#### Records supplied

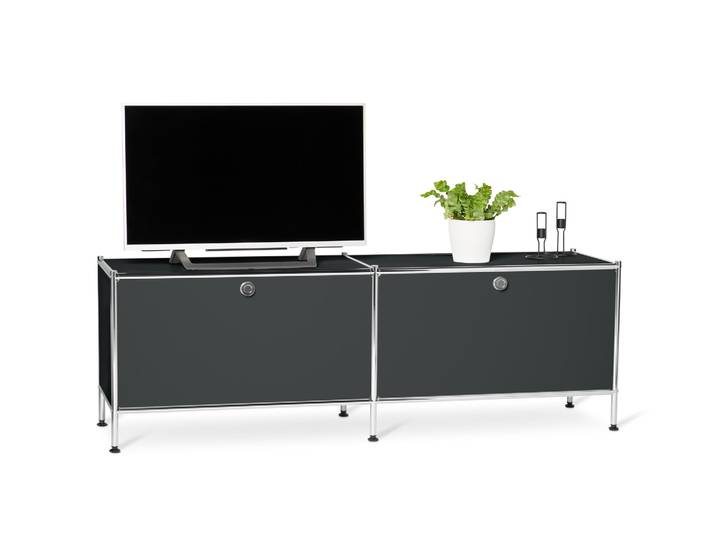 Tchibo - Lowboard Metall »Cn3« mit Klappenfächern - 152x40x51,5cm - schwarz -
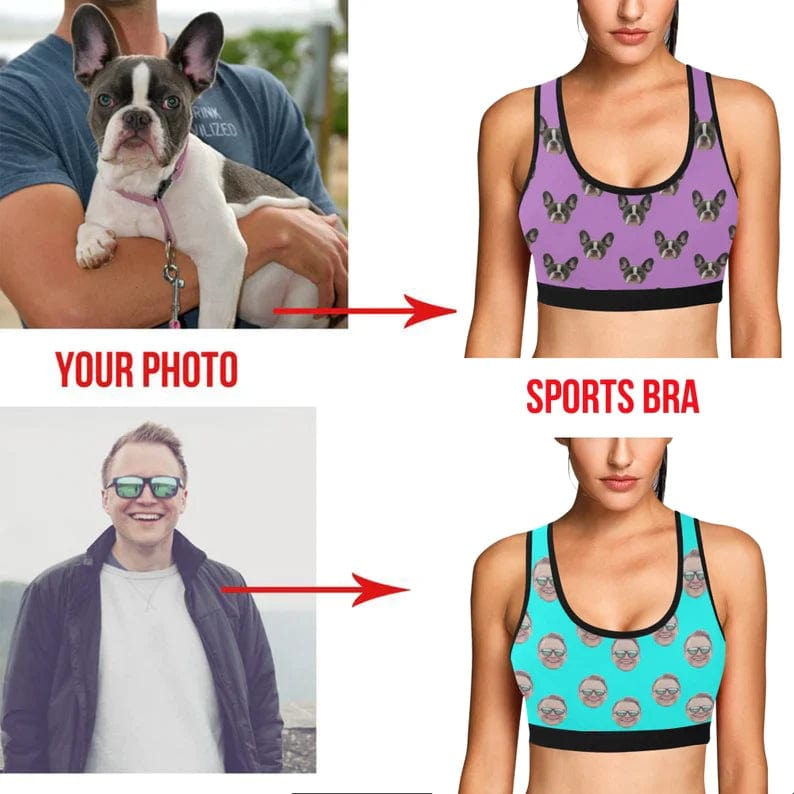 Custom Husband Face Five Colors Sports Bra Personalized Women's All Over Print Yoga Sports Bra Stylish Outerwear Clothing For Women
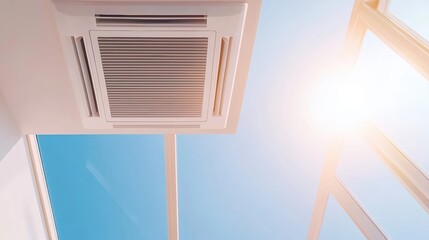 Obraz premium Cooling system installation in modern skylight room air conditioning bright environment upward view comfort solutions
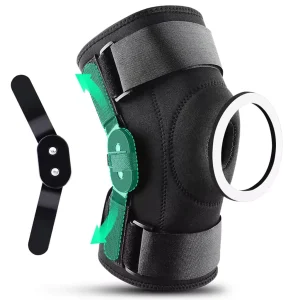 Hinged Knee Brace with Steel Side Plates and Adjustable Straps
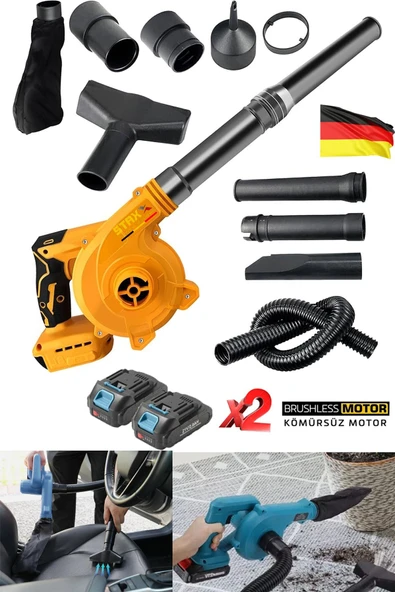 STAXX POWER Tetikten Devir Ayarlı x2 Akülü Yaprak Kar Toz Üfleme Temizleme Araç İçi Temizleme Makinesi 40V 10AH ürün görseli 1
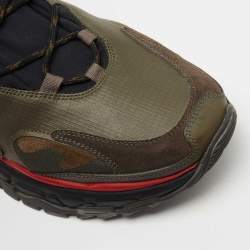 Valentino Green/Red Fabric and Leather Bounce Sneakers Size 44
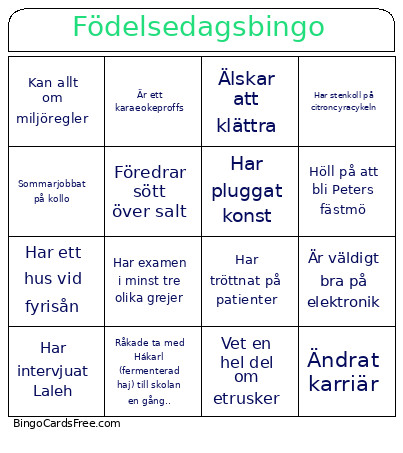 SARAS Mingel Bingo Card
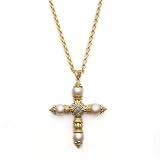 14k Yellow Gold Cultured Pearl and Diamond 'X' Cross Pendant with Chain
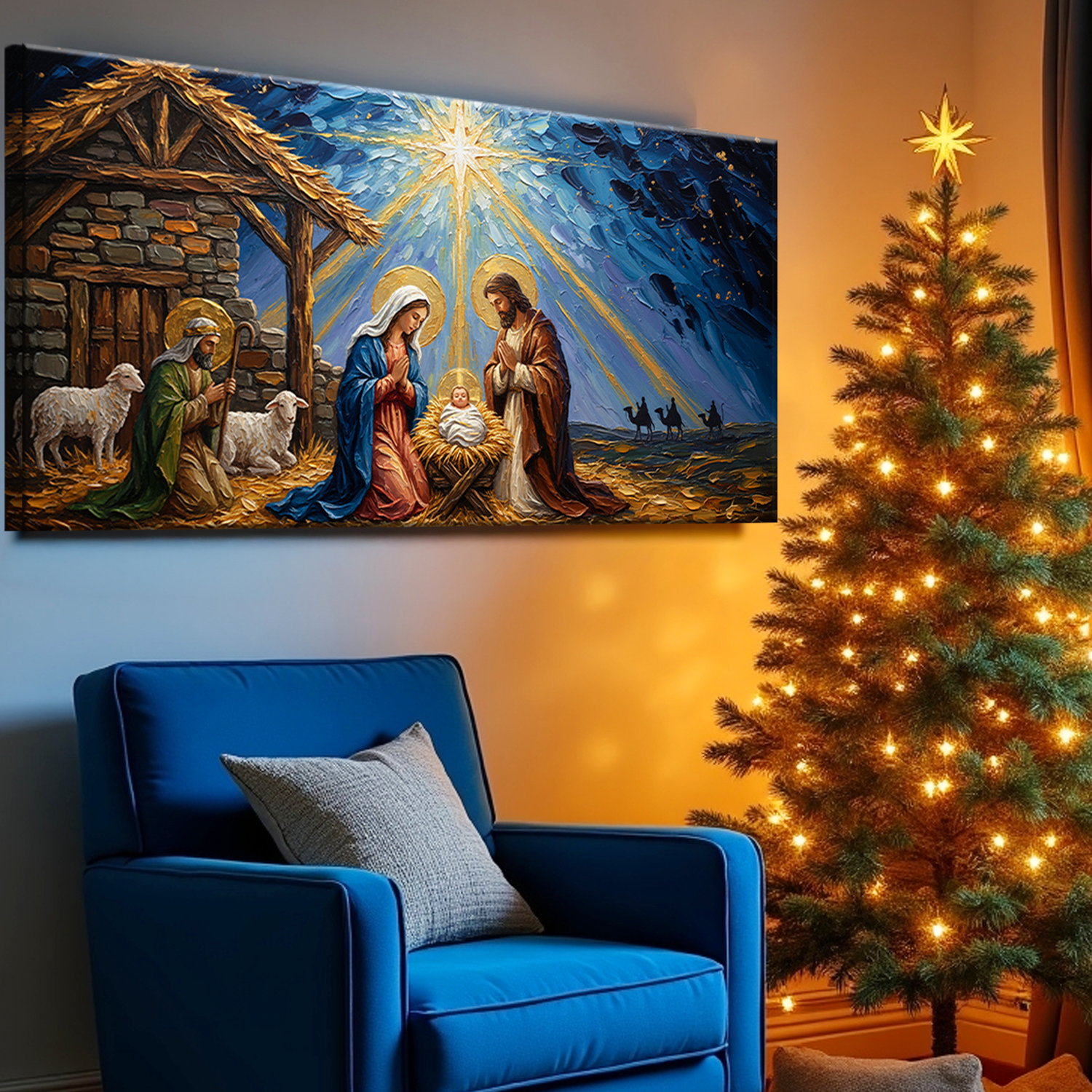 Vintage Christmas Nativity Scene Christmas Wall Art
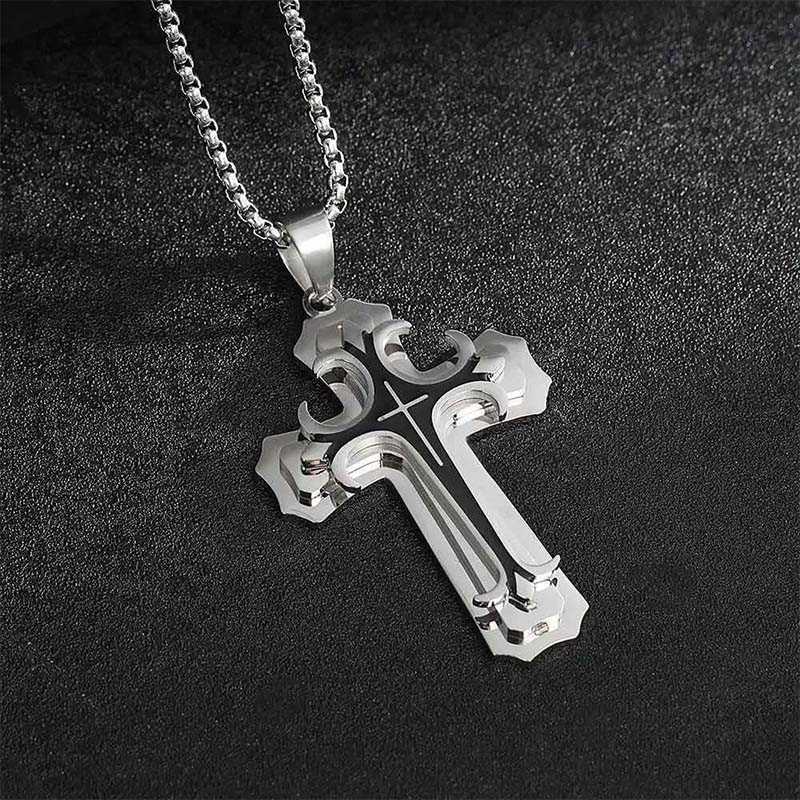 🔥Men's Two-Tone Cross Pendant Necklace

########

▶ Exercise directions:
All that is needed is an exact copy of the lines from the top of the entries through the line containing "Hinged Knee Brace", pictures left out.

▶ Response box:
 Tchibo - Lowboard Metall »Cn3« mit Klappenfächern - 152x40x51,5cm - schwarz -
 Custom Husband Face Five Colors Sports Bra Personalized Women's All Over Print Yoga Sports Bra Stylish Outerwear Clothing For Women
 Obraz premium Cooling system installation in modern skylight room air conditioning bright environment upward view comfort solutions
 Hinged Knee Brace with Steel Side Plates and Adjustable Straps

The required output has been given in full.